Your parents are finally downsizing after 40 years in the same house. You want to help, but where to even start? 

It’s a dramatically different world from the last time they moved, in terms of finding quality services, researching options and comparing prices. This is where children can play a key role for their parents, especially those who may not be as internet-savvy, says Bill VanGorder, chief advocacy and education officer for the Canadian Association of Retired Persons.

“Often, adult children are more familiar with researching things online, have networks that they can check with, and are able to maybe dig a little deeper,” he says. 

“People get older, they don’t always access information (online), they may use the internet for email and for some entertainment, but they don’t understand the ways of finding good information.”

Significant costs and stress come with downsizing — so research and legwork can ensure a smooth transition to a new lifestyle in a smaller space, VanGorder says. Adult children might also have friends or spouses who have gone through similar experiences with their own parents and can share those best practices and referrals.

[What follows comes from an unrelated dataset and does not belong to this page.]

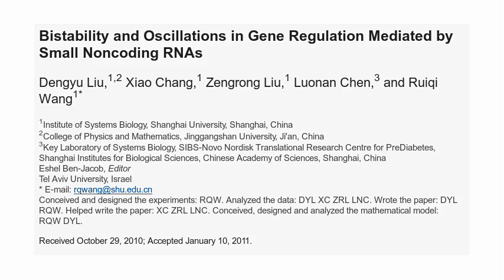I read an article by Deng-Yu Liu et al. called Bistability and Oscillations in Gene Regulation Mediated by Small Noncoding RNAs. They propose two systems of differential equations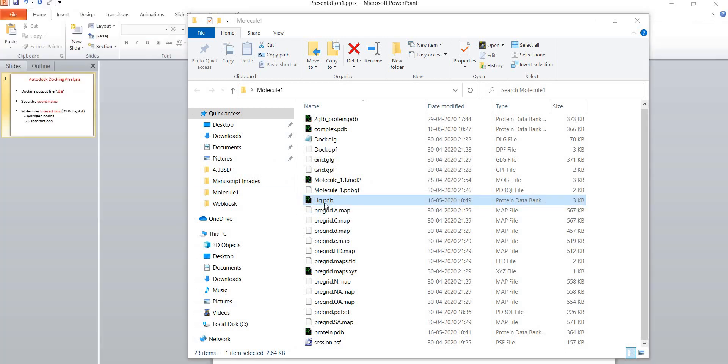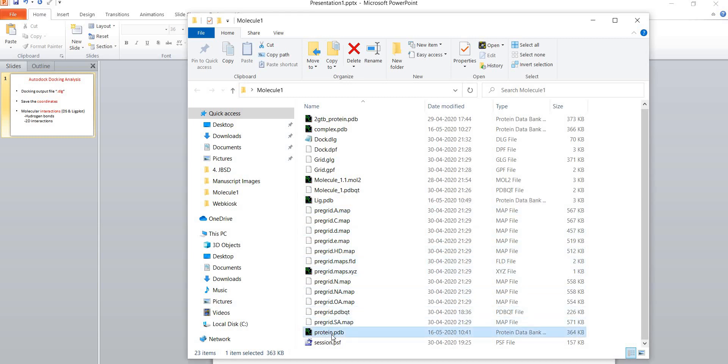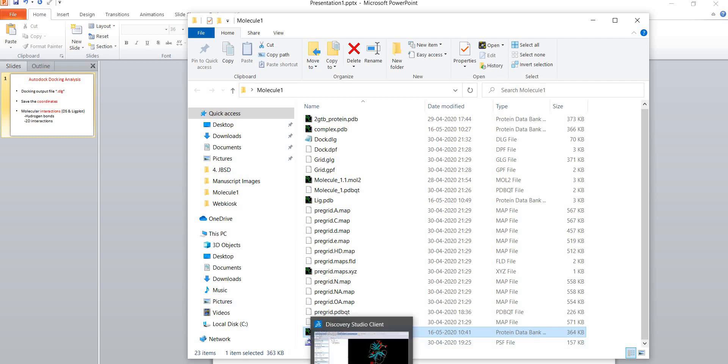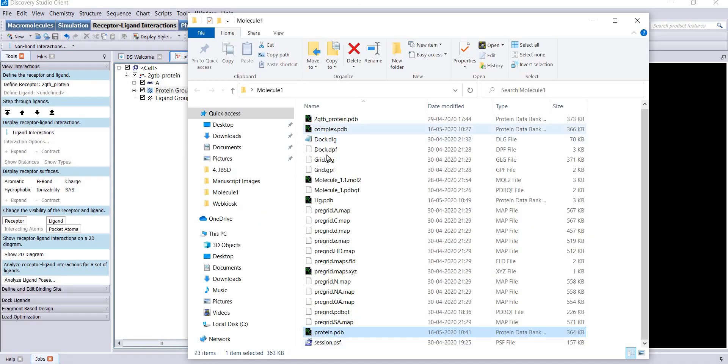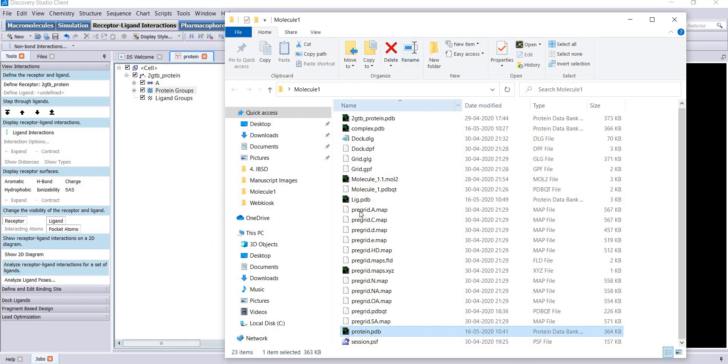Now here is your ligand file. I want to open the protein file which was used for your docking. I will open it in Discovery Studio software, go to the folder.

Moving and downsizing companies

Finding reputable moving services is a major concern for CARP’s 225,000 members, VanGorder says.

CARP works with the Canadian Association of Movers to share information and resources on its website, including warnings about moving scams. The moving industry is unregulated, the CARP website points out, so anyone can claim to be a mover.

VanGorder recommends using local CARP chapters and seniors organizations to find moving companies that specialize in serving older people. He says the process can be “very different for older people than it is for younger people, who are doing it for different reasons.”

If it’s a big move, a solo parent, or an adult child isn’t available to help, downsizing companies offer the full service: organizing and packing, donating and selling items, junk removal and the move itself.

Cindy Beaudet, owner of Destinations Seniors Downsizing in Calgary, says a reputable service should have workers’ compensation insurance to protect clients against lawsuits in case an employee is injured during a move. 

“A lot of (downsizing) companies don’t,” she says.

Testimonials, references and reviews are a must, and Beaudet says detailed quotes ensure every service and cost is upfront. Her company’s quotes will have around 20 line items, with explanations of everything from elevators to travel time.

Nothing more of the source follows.